Justification of Program
Justification for this program is based on economics and environmental stewardship. As livestock move off of a particular paddock, perennial legumes and other desirable plants in the pastures undergo physiological processes that allow them to recover, thereby improving their chances of survival. As the legumes survive, they contribute nutrients to the soil via nitrogen fixation, a process by which atmospheric nitrogen is naturally captured and converted to a plant nutrient. Nitrogen fixation reduces the need for expensive nitrogen fertilizer. Also as legumes survive, they increase nutritional quality of the diet, because they contain more protein and digestible energy than do grasses. Legume survival also evens out the spotty yield distribution that occurs in a pure grass pasture. These benefits all contribute to increased profitability of the farm enterprise.

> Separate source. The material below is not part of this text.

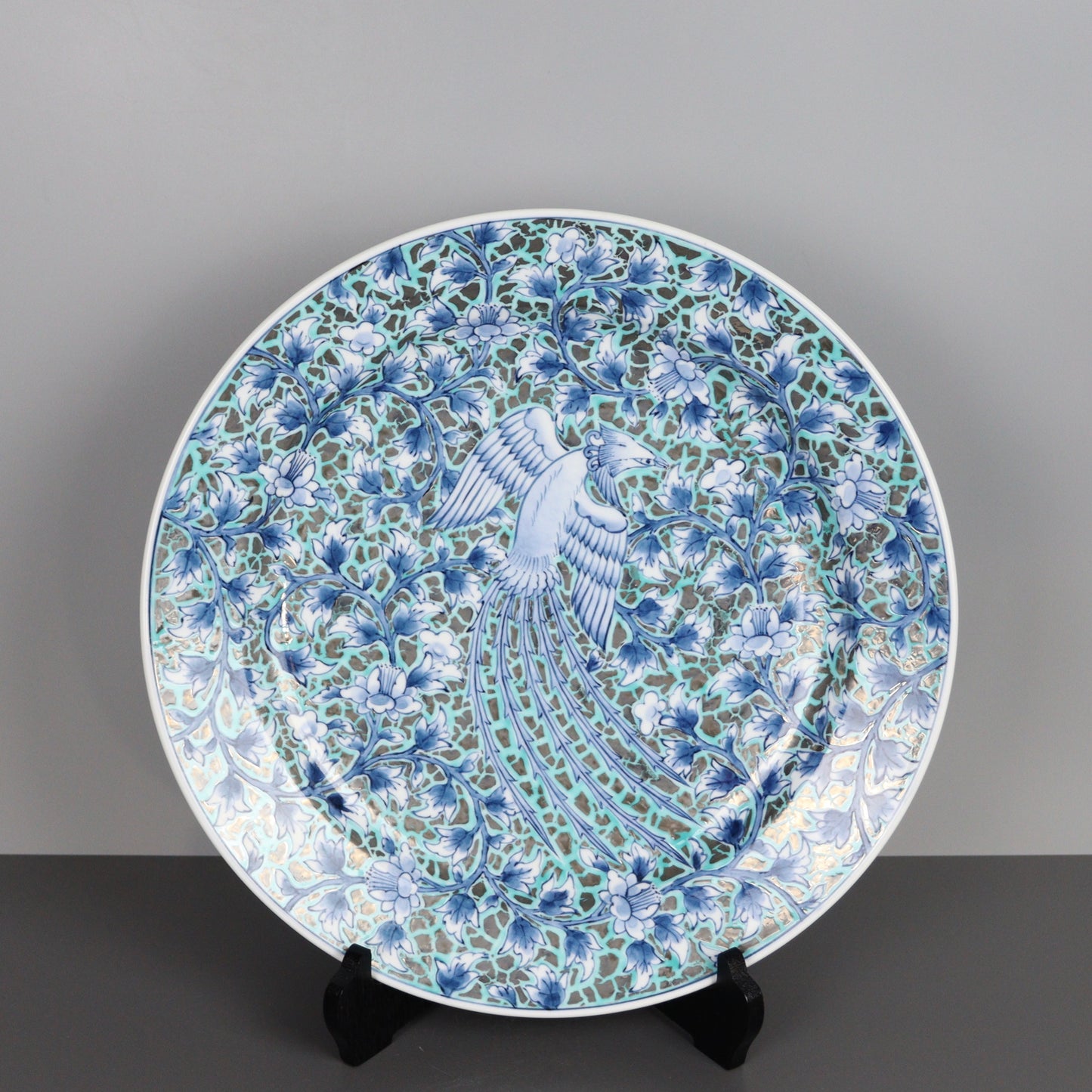 Platinum-painted Porcelain Plate by Fujii Shumei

The environmental benefits result from having a large number of animals on a small area for a brief time. This sort of "mob grazing" causes manure to be deposited evenly across the landscape, thereby preventing a concentrated build-up of animal waste around ponds and streams. In addition, the even deposition of manure can lower the need for phosphorus and potassium fertilizers; these elements become available to the plant as the manure decomposes as a natural step in nutrient cycling.

Implementation of Program
From 1990 until the present, the Grazing Systems Program has taught this style of management by collaborating with the internationally known "Grazing Schools" at Linneus, Missouri; these schools were conceived by Jim Gerrish of the MU Agronomy Department and Ron Morrow of the MU Animal Science Department and were co-taught with Maurice Davis of Natural Resource Conservation Service (NRCS). In 1993, the program began local implementation through workshops known as "Regional Grazing Schools."

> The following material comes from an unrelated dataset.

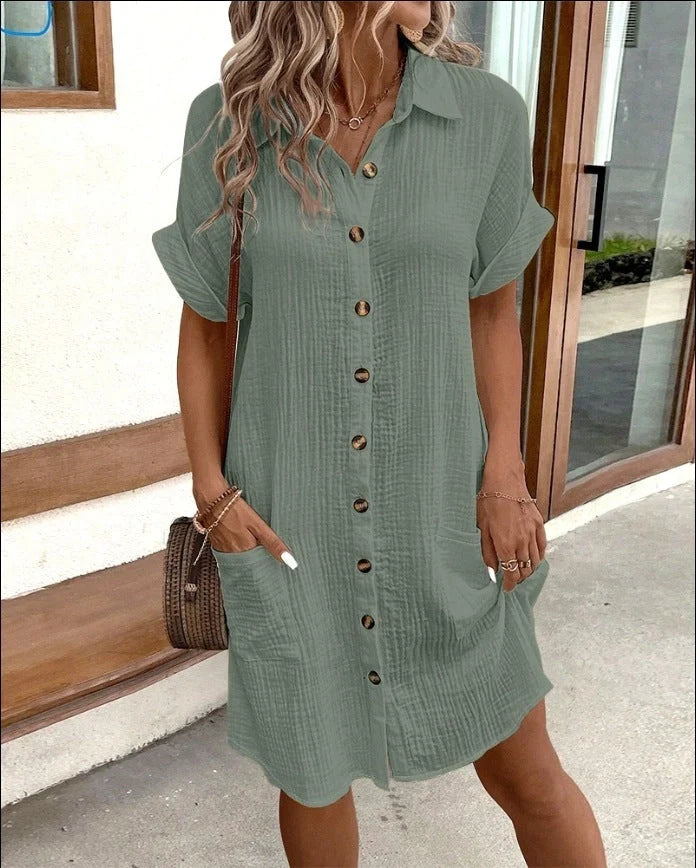 Summer short sleeve shirt dress in various colours, showcasing loose fit and mid-length design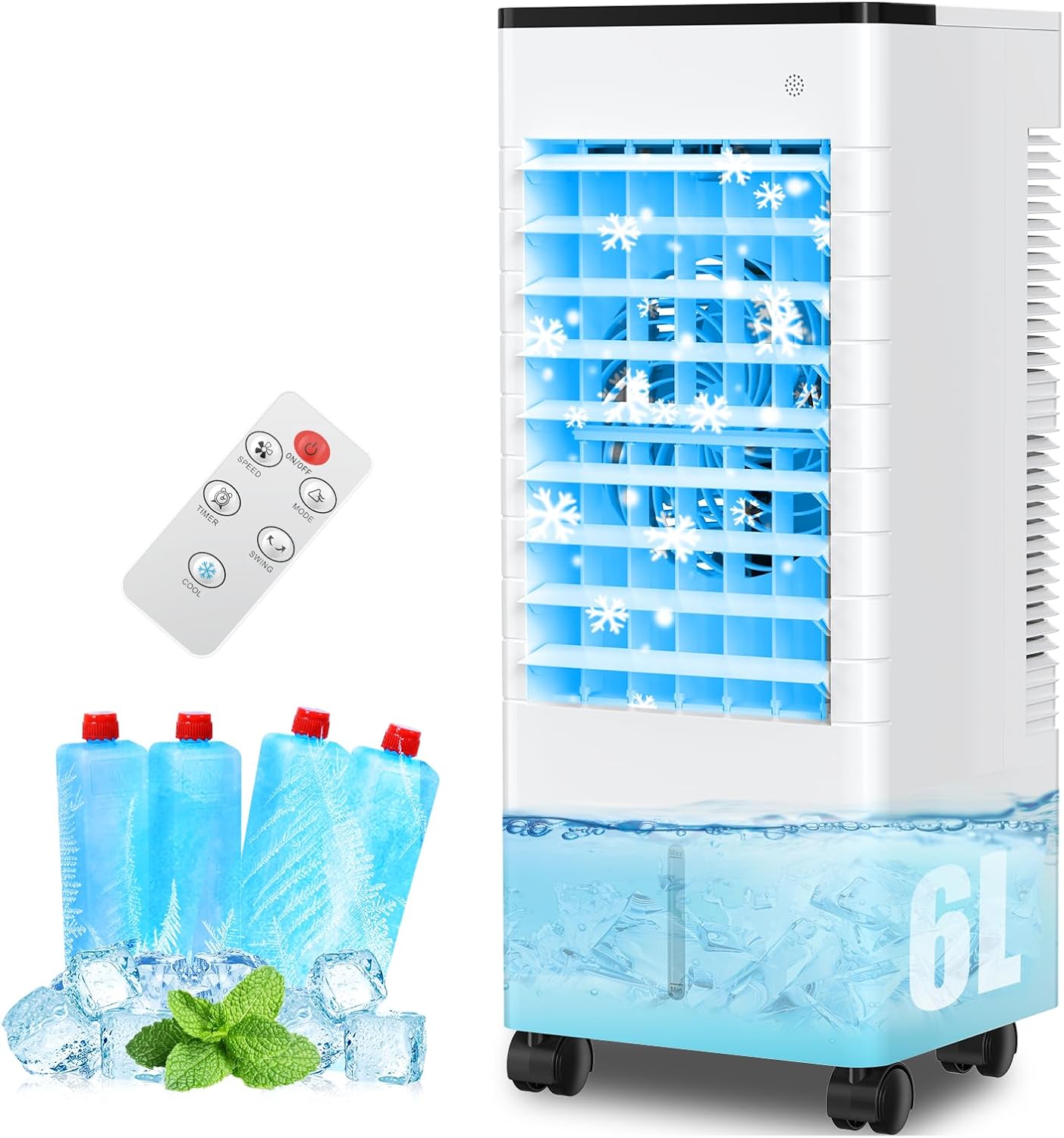 Condizionatore Portatile Senza Tubo, Silenzioso Raffreddatore d'aria Grande Serbatoio da 5.5 L, 4 in 1 Multifunzione Evaporativo Mobile, Timer da 7 ore,3 Velocità,con Telecomando,Senza Unità Esterna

The regional schools are taught throughout Missouri by a team of regional specialists in University Extension and personnel in the Natural Resource Conservation Service (NRCS). The schools are self-supported, as costs of teaching materials, facilities, and other logistical expenses are covered by registration fees. Instructors are trained at the school at Linneus. As part of this training, instructors receive the Regional Grazing School Resource CD, a collection of scripted, digital lectures that are embedded with support data and photos.

Students who enroll in the Missouri Regional Grazing Schools follow a syllabus that teaches 10 core subjects. They also receive grazing manuals written by researchers at the University of Missouri. These manuals are listed below.  Students also receive and learn to use grazing sticks, which are calibrated square rulers used to estimate available forage in the pasture.

From 1996 to 2003, the Regional Grazing Schools were directed by a committee including Craig Roberts (Chair, MU), Jim Gerrish (MU), Maurice Davis (NRCS), and Mark Kennedy (NRCS). With the retirements of Gerrish and Davis, the schools were directed by Roberts and Kennedy (co-Chairs); since the retirement of Kennedy, the program has been directed by Roberts and Dee Vanderburg (NRCS). The schools are implemented locally by 18 Regional Grazing School Coordinators–nine from the university and nine from NRCS. The coordinators work through the Missouri Forage and Grassland Council/Grazing Lands Conservation Initiative (MFGC/GLCI), a nonprofit commodity group, to identify instructors, schedule schools, order materials, and report impact. The schedule for the Missouri Regional Grazing Schools is posted at the MFGC/GLCI website, which is

Impact of Program
From 1997 to 2014, this program taught 15,550 producers in 605 schools. The economic mpact of this program can be quantified directly by the number of producers who enroll in the cost-share incentive programs known as EQIP, DSP-3, DSP-33, and DSP-333; every enrollee has been trained at a Regional Grazing School. These cost-share incentives offer funding and assistance to producers who are designing new grazing systems. The funding helps defray costs of fencing and watering systems. The list of cost-share recipients is maintained by Missouri Department of Natural Resources (DNR). From 1997 to 2014, the program has been adopted on 1.65 million acres in Missouri. In 2014 alone, the program was responsible for enhancing the Missouri economy by $83.6 million.